[[ Dataset excerpts, beginning ]]
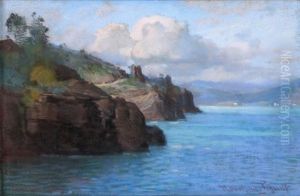 Ile Ste Marguerite by Rodolphe Piguet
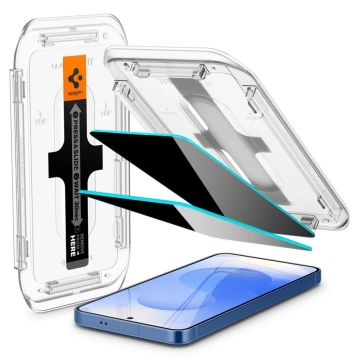 Szkło Prywatyzujące do Samsung Galaxy S24 / S25 Spigen Glas.TR EZ Fit HD 2-Pack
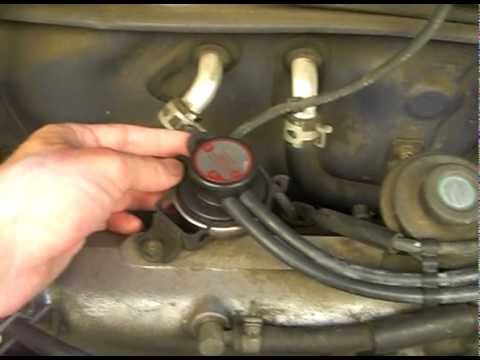 How To Fix Code P0401 1996 Toyota Rav4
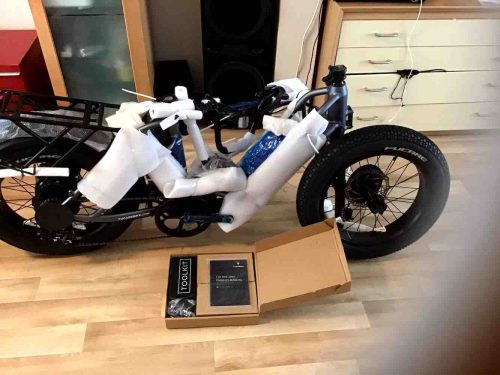 FUCARE Electric Bike Mileage 190KM Electric 750W 48V 30AH Snow Bike photo review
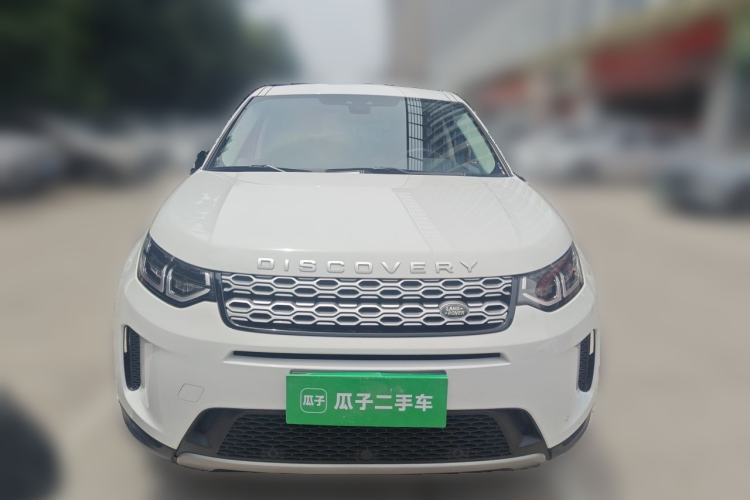 Used Land Rover Discovery Sport 2021 200 PS Family Edition Front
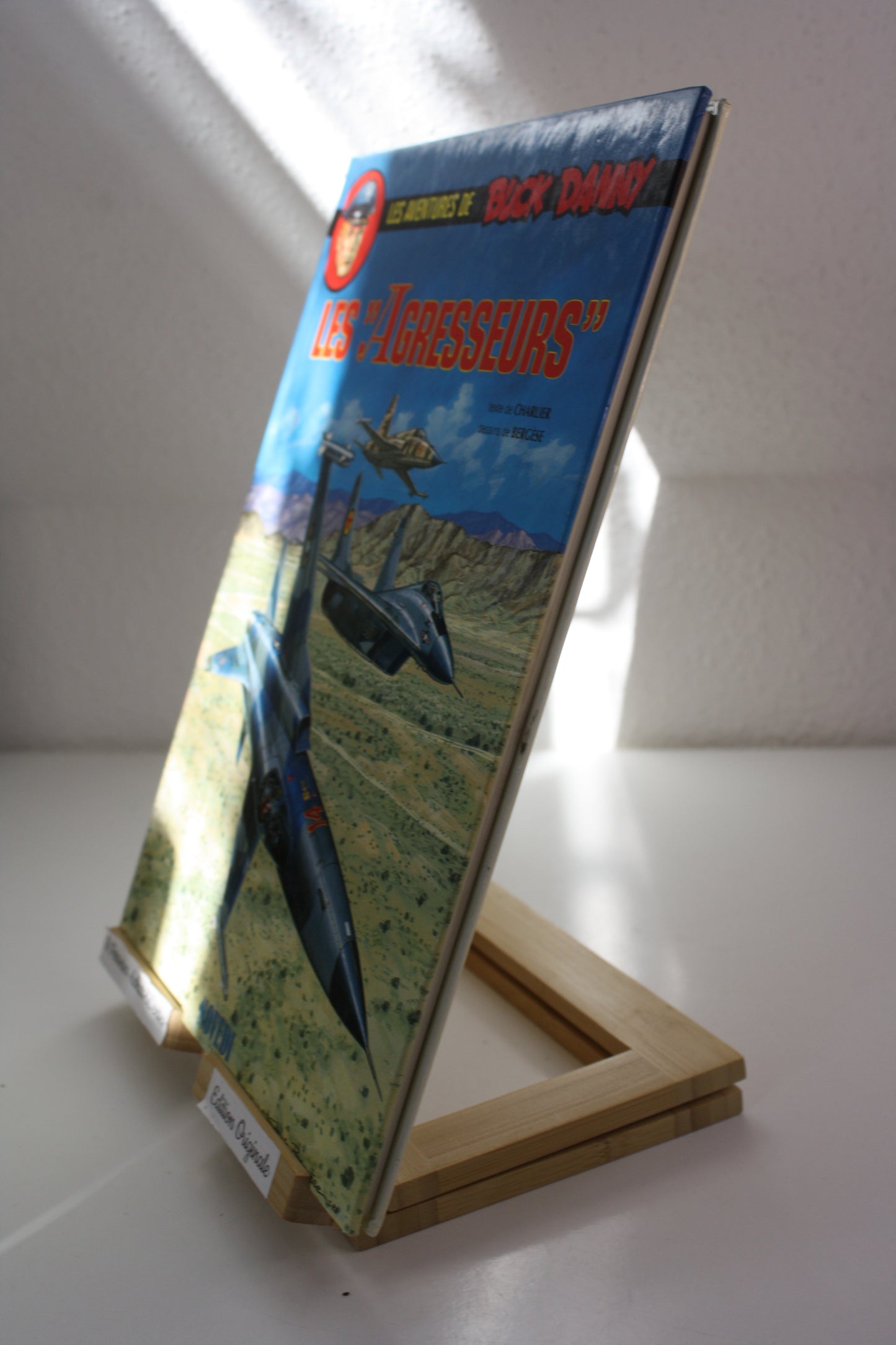 Les « Agresseurs » – Buck Danny – Bergèse Charlier – Novedi – EO – 1988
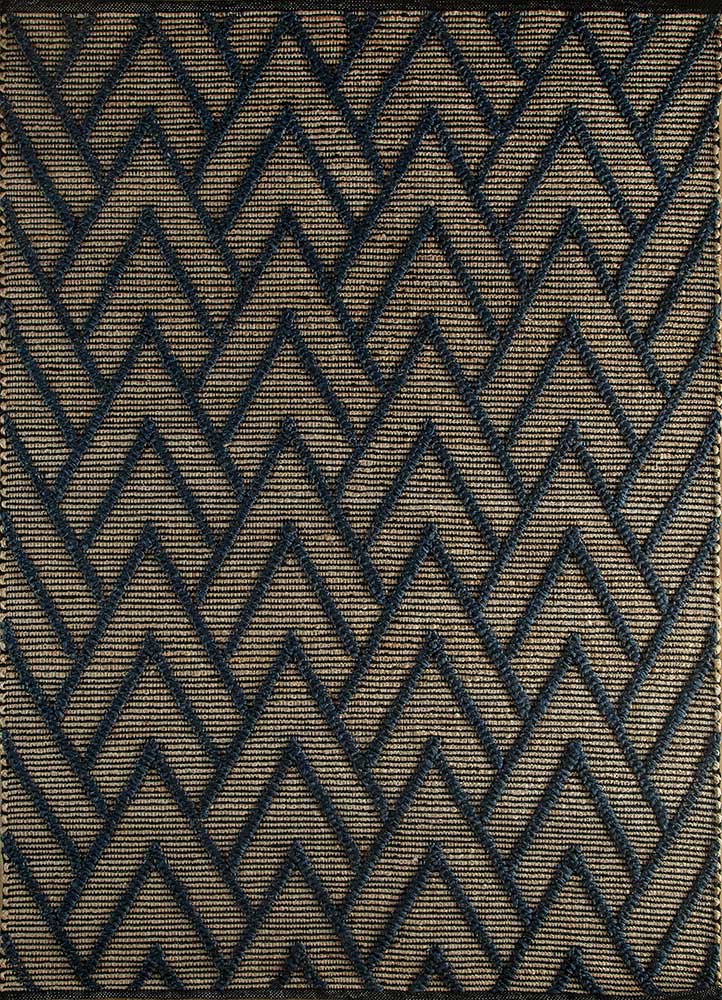 Juteteppich - 240 x 150 cm - anthrazit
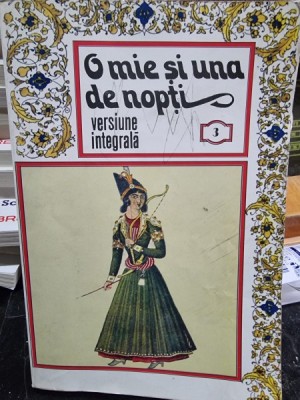 O mie si una de nopti vol.3 editie integrala foto
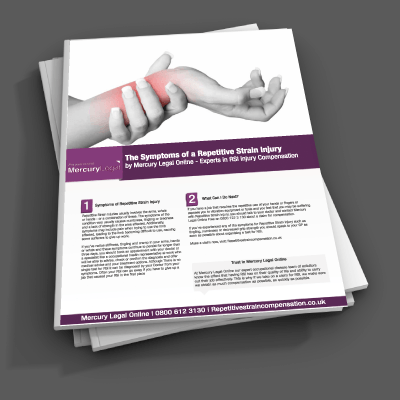 Guide to Symptoms of Repetitive Strain Injury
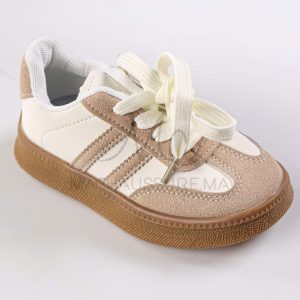 SkySteps – Baskets Enfants en Kaki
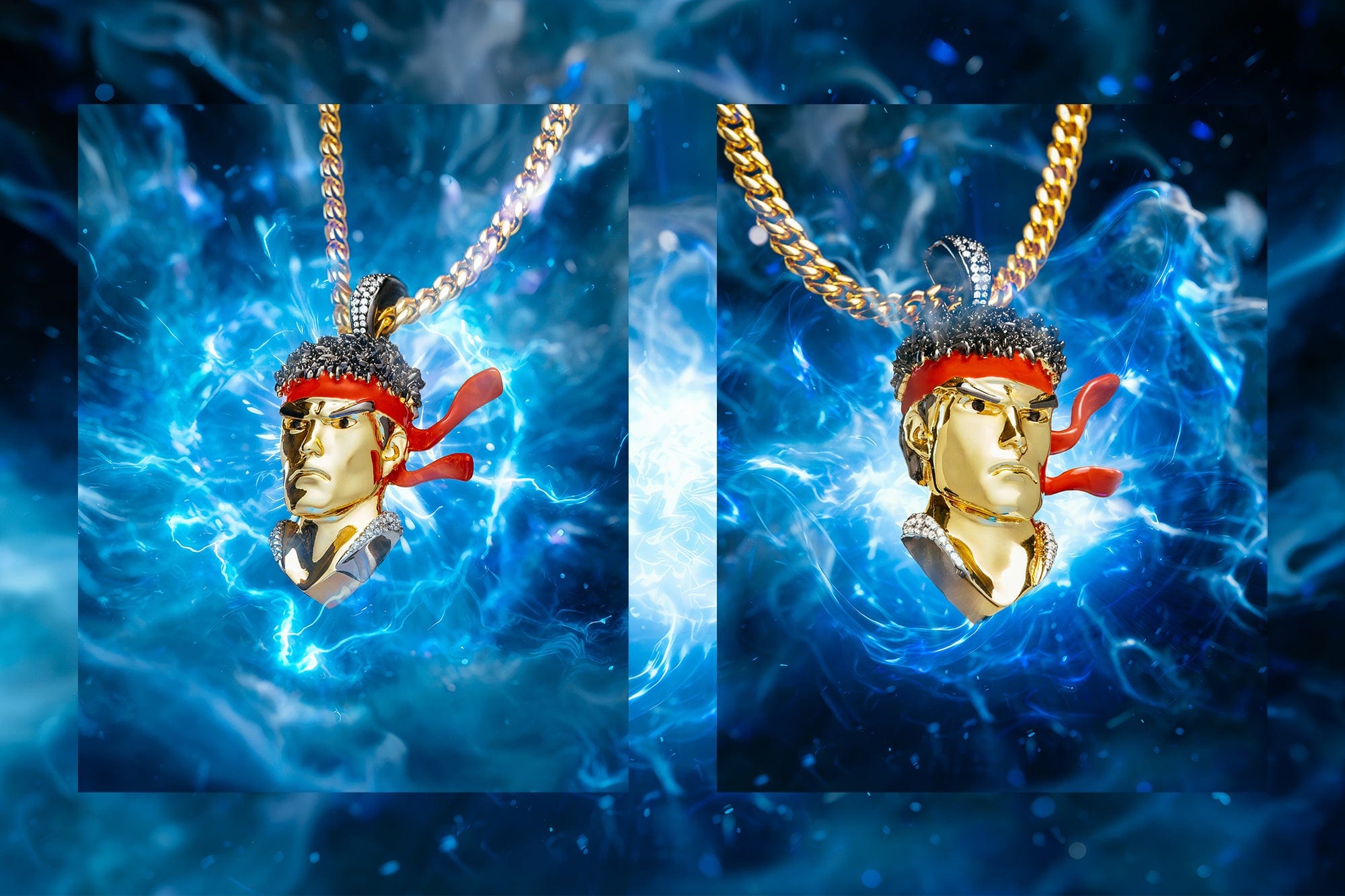 Street Fighter x King Ice: Gaming Icons Meet Hip Hop Luxury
[[ Dataset excerpts, end ]]
Exercise description | Return word for word the lines of the listing above, starting at the line with "How To Fix Code P0401 1996 Toyota Rav4" and ending at the line with "SkySteps – Baskets Enfants en Kaki", both included. Pictures do not belong in the copy.

Exercise output |
 How To Fix Code P0401 1996 Toyota Rav4
 FUCARE Electric Bike Mileage 190KM Electric 750W 48V 30AH Snow Bike photo review
 Used Land Rover Discovery Sport 2021 200 PS Family Edition Front
 Les « Agresseurs » – Buck Danny – Bergèse Charlier – Novedi – EO – 1988
 Juteteppich - 240 x 150 cm - anthrazit
 O mie si una de nopti vol.3 editie integrala foto
 Guide to Symptoms of Repetitive Strain Injury
 SkySteps – Baskets Enfants en Kaki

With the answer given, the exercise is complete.